08-16-2012 08:29 PM
Hi all,
My application involves grabbing images from a 3-taps, 16-bit camera using FlexRIO. The PXI controller I am using is Windows-based while the FlexRIO module that I have is a PXI-7954 + NI 1483 adapter. The size of the image I am grabbing is 2560 x 2160, U16 and the clock cycle is 100 MHz. I've been trying for over a week and up to today, I still am not able to get the image from the camera as I kept on getting the DMA Write Timeout error. Right now, the DMA size in the FPGA is set at 130k but whenever I tried to increase this further, I get a compilation error. I've tried to have the host program to grab 100k data points from the FPGA DMA at every milisecond but it seems that, the minimum I could do is at about 10-15ms. Perhaps, Windows has its own limitation... Attached is the program that I am using, modified from the LabVIEW shipped example. Please advice, how do move forward from here? or, is it possible to further increase the DMA buffer size up 10x higher than the current limit?
Also, has anybody uses the example previously? I did another test with the example using the same camera. This time, I ignored two of the taps and assume that I have only one tap and it is 8-bit. I would like to see whether it is possible or not to stream data (even if it is 8-bit) from the camera to Windows. On the host example program, I deleted the portion where the 1D array of data being resize into 2D and tranformed into an image. Moreover, I added a second DMA read - the first DMA read reads 0 element at 0 timeout and pass the number of remaining elements to the second DMA... only to find out that I still get a write timeout error. Has anybody manage to get this working?
Please advice.
08-17-2012 07:35 PM
Hi,
I guess by now I have realized that I may not be able to acquire all the pixels in one shot. I'm currently exploring on the usage of the onboard memory as DRAM - this will be my first time. I've studied the logic flow from one of the examples and I think I may have some basic understanding of how it works. However, when I tried to compile the program, I kept on getting the timing violation error. Attached is the modified code, though may not be the final one but close. I really appreciate it if somebody who is somewhat familiar with FPGA & DRAM to comment about the code? After I've put so many feedback loops here and there, I got even more confused.
Many thanks!
08-20-2012 08:49 AM
You'd need to attach the whole DRAM project for someone to directly replicate your results and see your timing violation. If you are still having trouble working that out and need another pair of eyes on it, you'll need to post it all.

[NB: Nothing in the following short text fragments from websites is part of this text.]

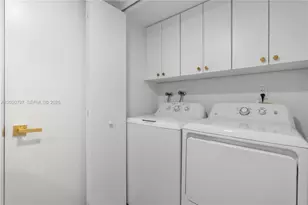 19101 NE 36th Ct, Aventura, FL 33180 - Photo 27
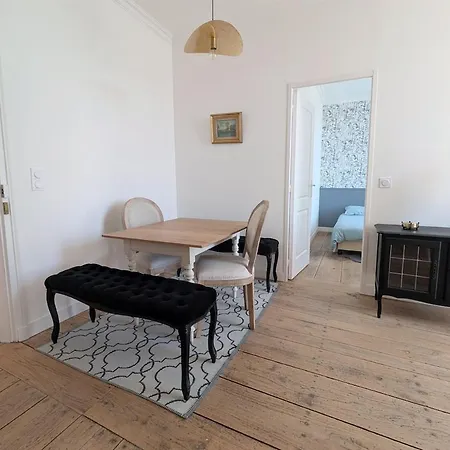 La Dame De Pierres - Maison Bourgeoise - 5 Suites Avec Salle De Bain Privative - Charme & Confort - 40 Min Puydufou Holiday home *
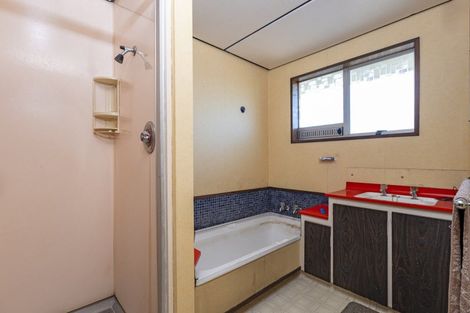 Photo of property in 102 Cox Street, Geraldine, 7930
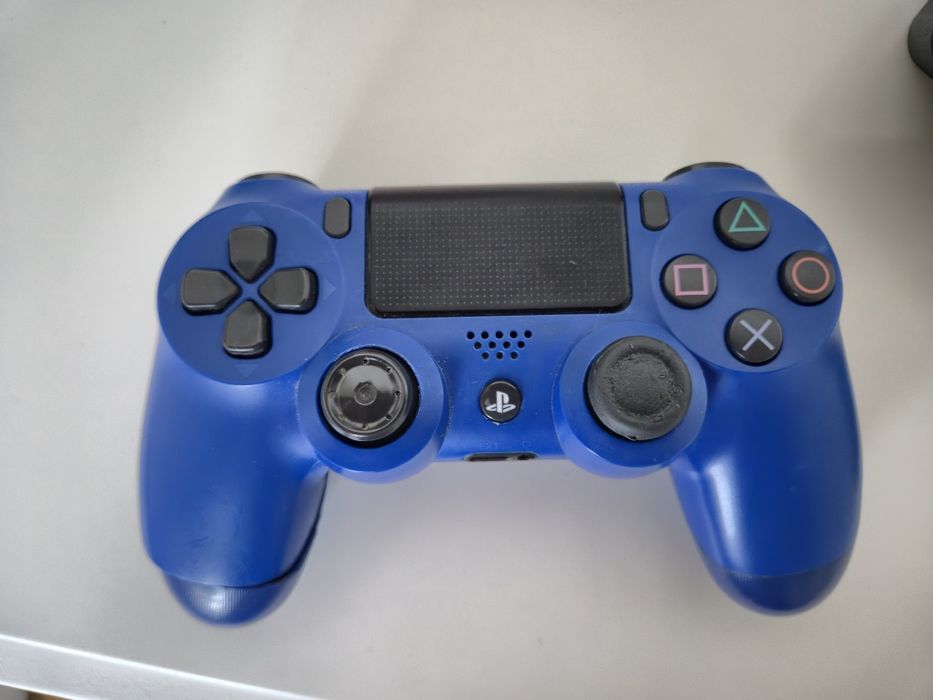 PlayStation 4 Slim 1TB + EA Sports FC 25 + 5 футболни заглавия .Пълен комплект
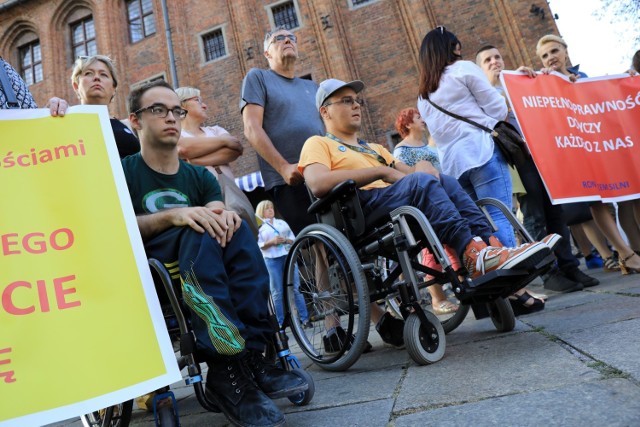 Celem programu Dostępność Plus jest przestrzeń publiczna bez barier architektonicznych dla osób z niepełnosprawnościami
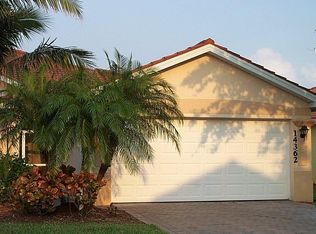 14362 Manchester Dr, Naples, FL 34114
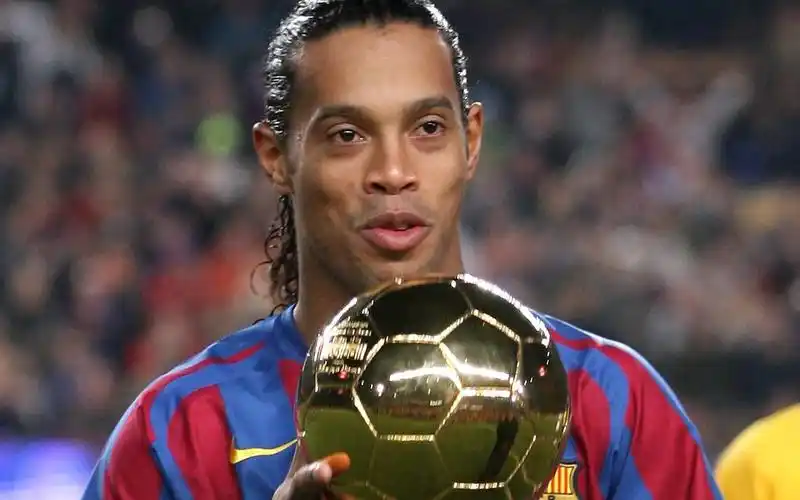 暴露無遺 暴露無遺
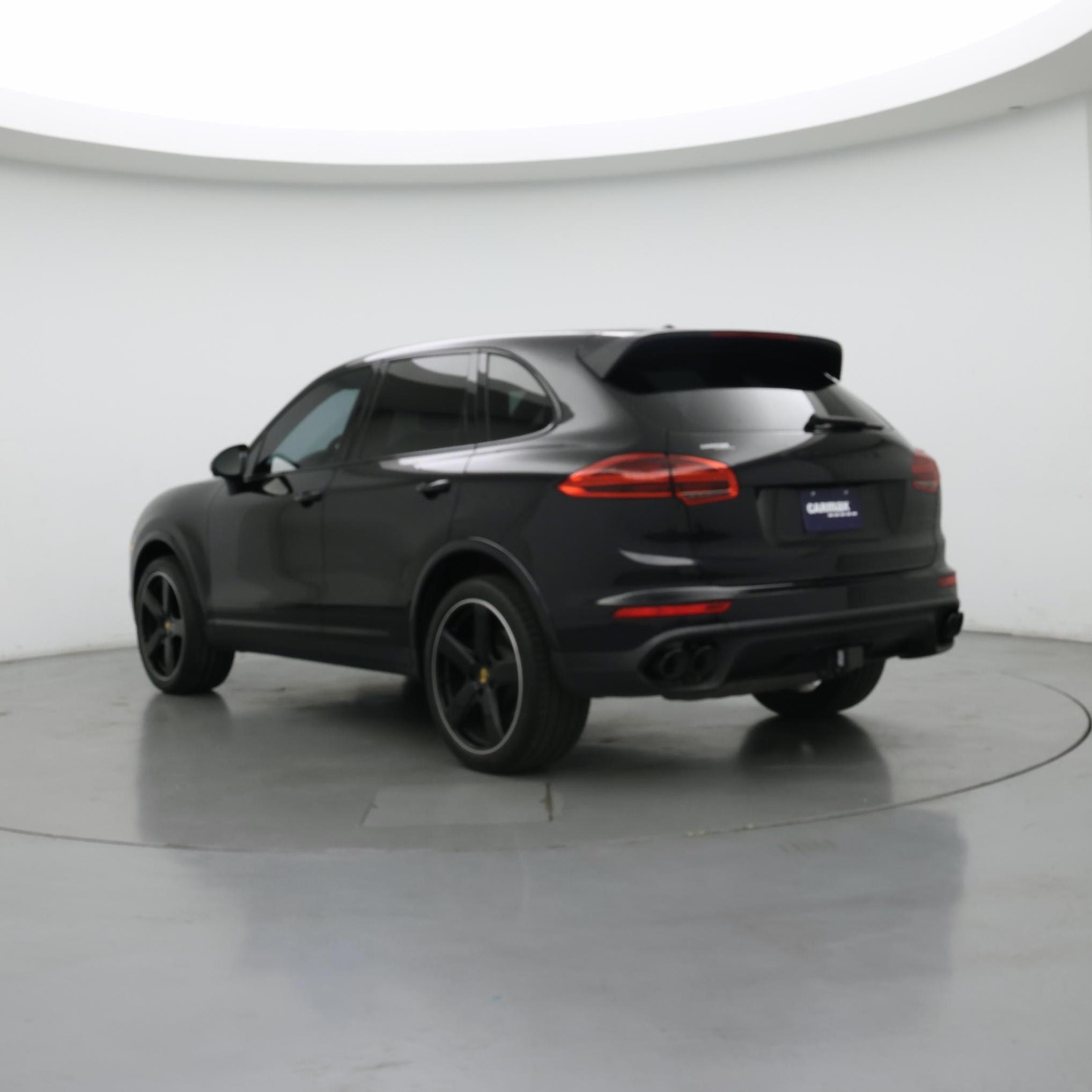 Thumbnail: 2018 Porsche Cayenne - 2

On the subject of DRAM in general, you'll find that the DRAM primitive does not perform batching of transactions. The way this loop is constructed, it will send the reads and writes to the DRAM one at a time, and in a round-robin fashion (one read, one write, one read, etc). This will cause the DRAM access to be inefficient because there are penalties to changing your access type and to accessing data that isn't "local" in its address, to the point that it is unlikely that the DRAM will be able to respond to the access pattern quickly enough to work for your application. In order to efficiently use DRAM, you have to perform reads and writes in bursts to adjacent addresses. You also need to work on the logic that decides what to do when the DRAM primitive tells you to not read/write (not ready for data). You will want this to not advance the address, and to buffer data up.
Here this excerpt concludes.